▶ **EXERCISE AIM**: Beginning with the line that contains "Dr. Karamjit Kaur, Gynaecologist", retype the entries below exactly, ending with the line that contains "Casa Kam e Ly". Leave out any pictures.

▶ **EXTRACTED RECORDS**:
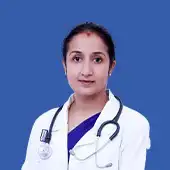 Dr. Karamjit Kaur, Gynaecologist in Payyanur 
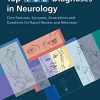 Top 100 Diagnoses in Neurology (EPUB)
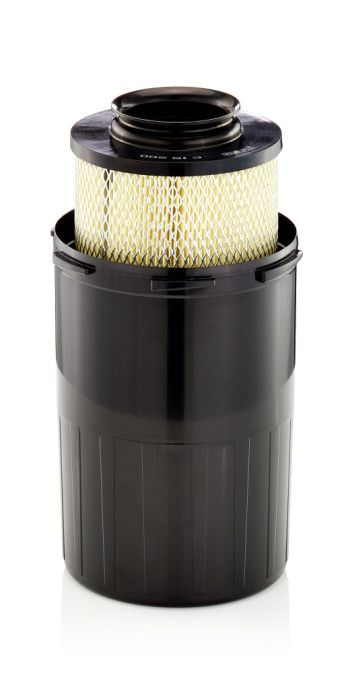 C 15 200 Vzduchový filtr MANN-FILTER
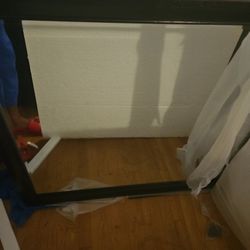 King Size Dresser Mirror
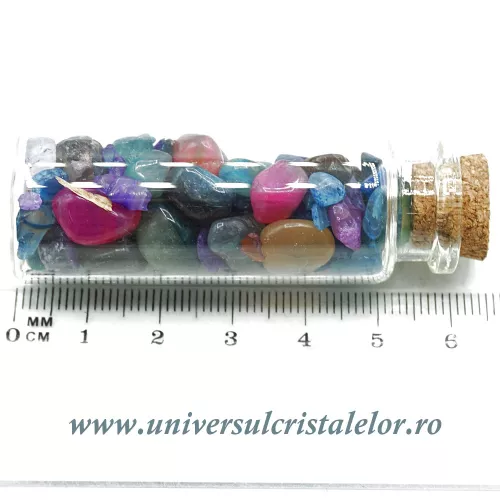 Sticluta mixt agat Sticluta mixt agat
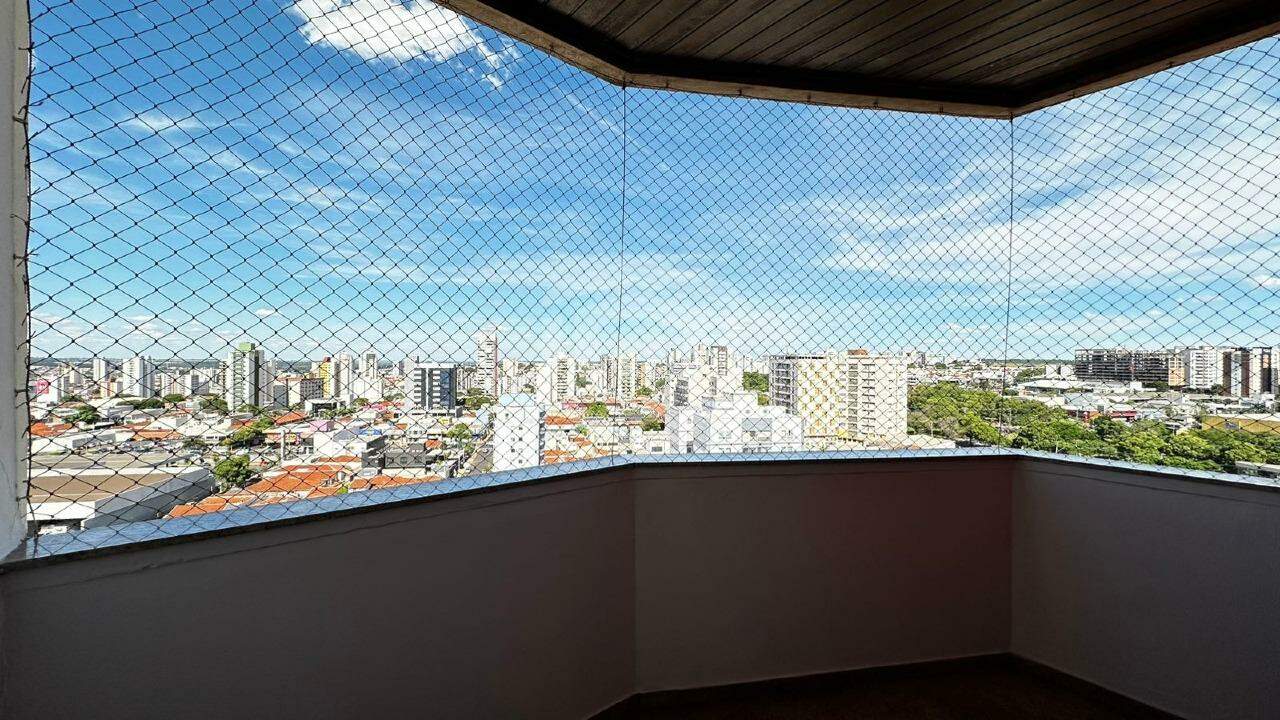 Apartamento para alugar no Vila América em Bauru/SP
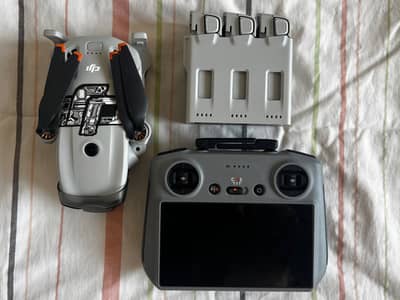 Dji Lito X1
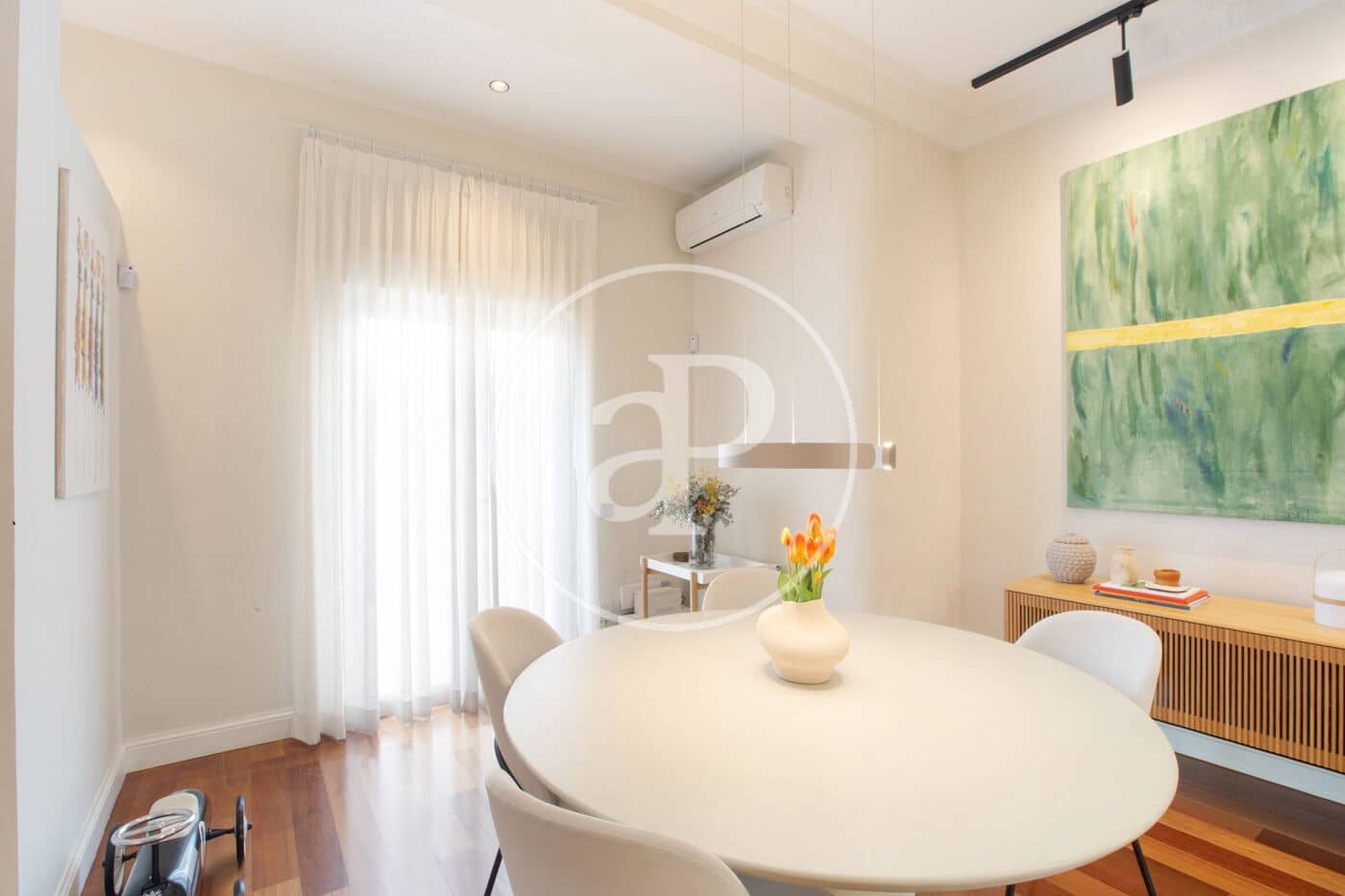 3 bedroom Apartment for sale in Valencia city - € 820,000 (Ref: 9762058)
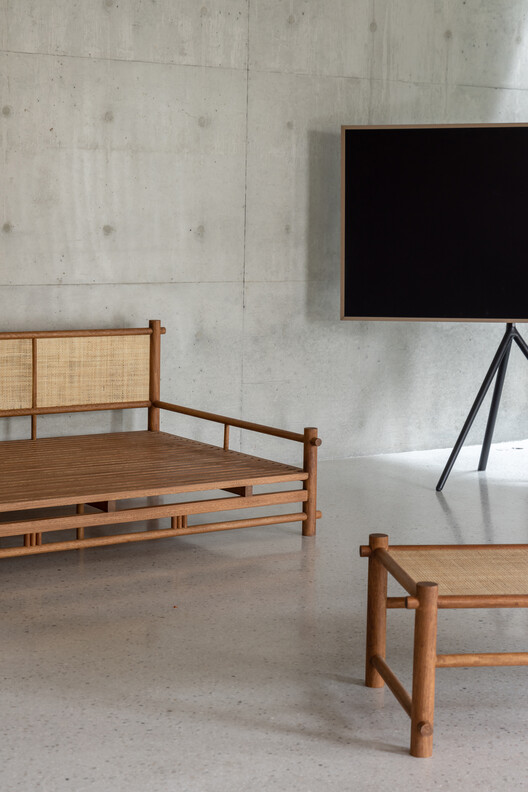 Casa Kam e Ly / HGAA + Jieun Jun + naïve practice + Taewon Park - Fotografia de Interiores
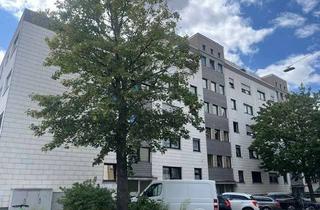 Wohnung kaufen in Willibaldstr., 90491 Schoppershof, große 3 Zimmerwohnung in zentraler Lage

* * *

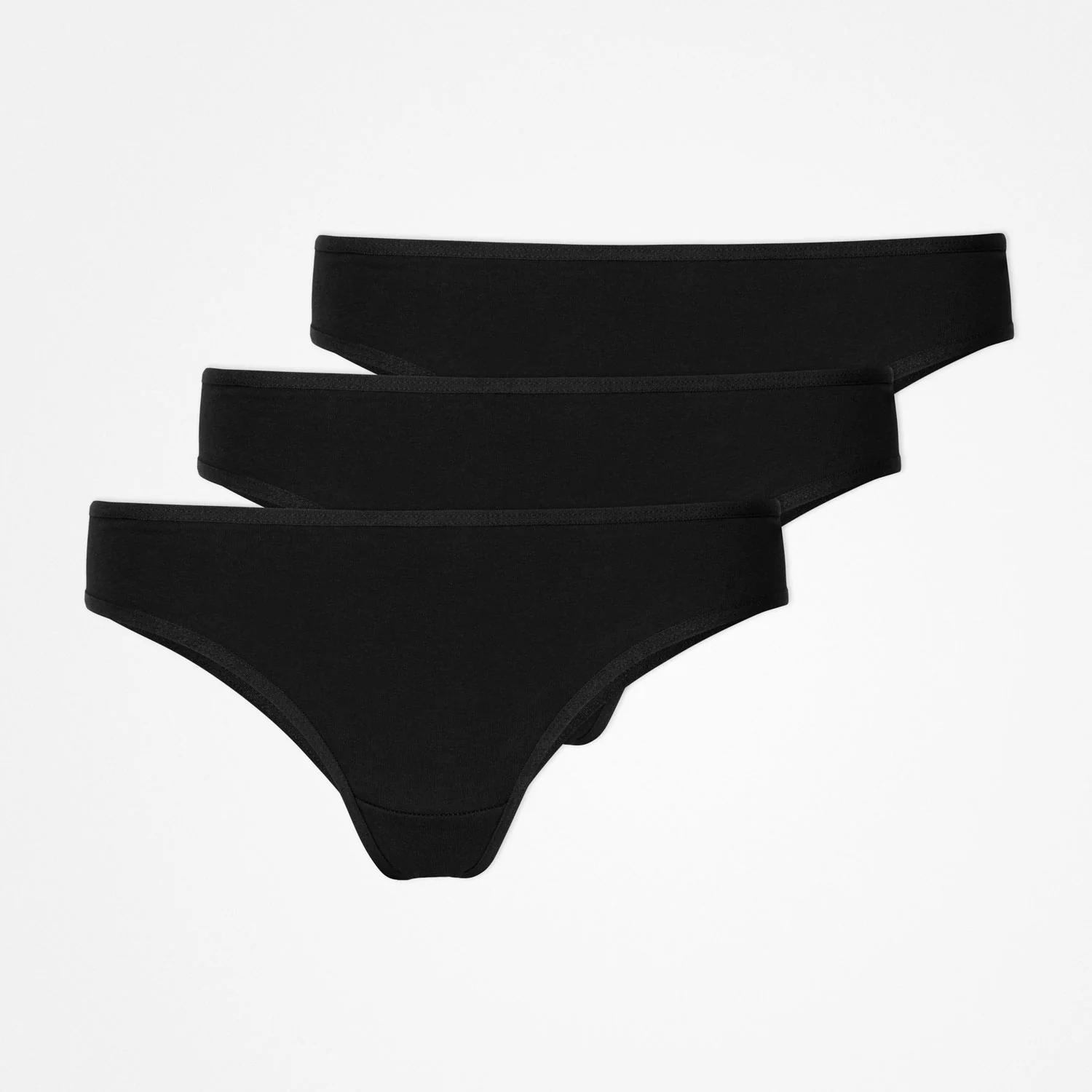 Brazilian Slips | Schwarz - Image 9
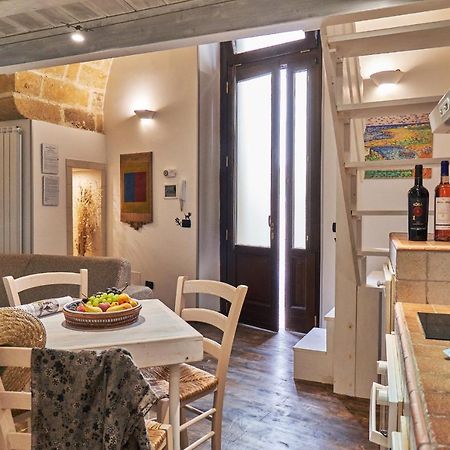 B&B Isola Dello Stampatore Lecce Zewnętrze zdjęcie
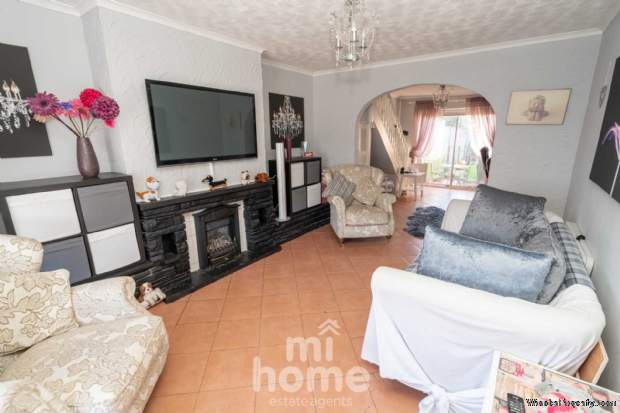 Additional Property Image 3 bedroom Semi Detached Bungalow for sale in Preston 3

▶ **TASK RESPONSE**:
 Dr. Karamjit Kaur, Gynaecologist in Payyanur 
 Top 100 Diagnoses in Neurology (EPUB)
 C 15 200 Vzduchový filtr MANN-FILTER
 King Size Dresser Mirror
 Sticluta mixt agat Sticluta mixt agat
 Apartamento para alugar no Vila América em Bauru/SP
 Dji Lito X1
 3 bedroom Apartment for sale in Valencia city - € 820,000 (Ref: 9762058)
 Casa Kam e Ly / HGAA + Jieun Jun + naïve practice + Taewon Park - Fotografia de Interiores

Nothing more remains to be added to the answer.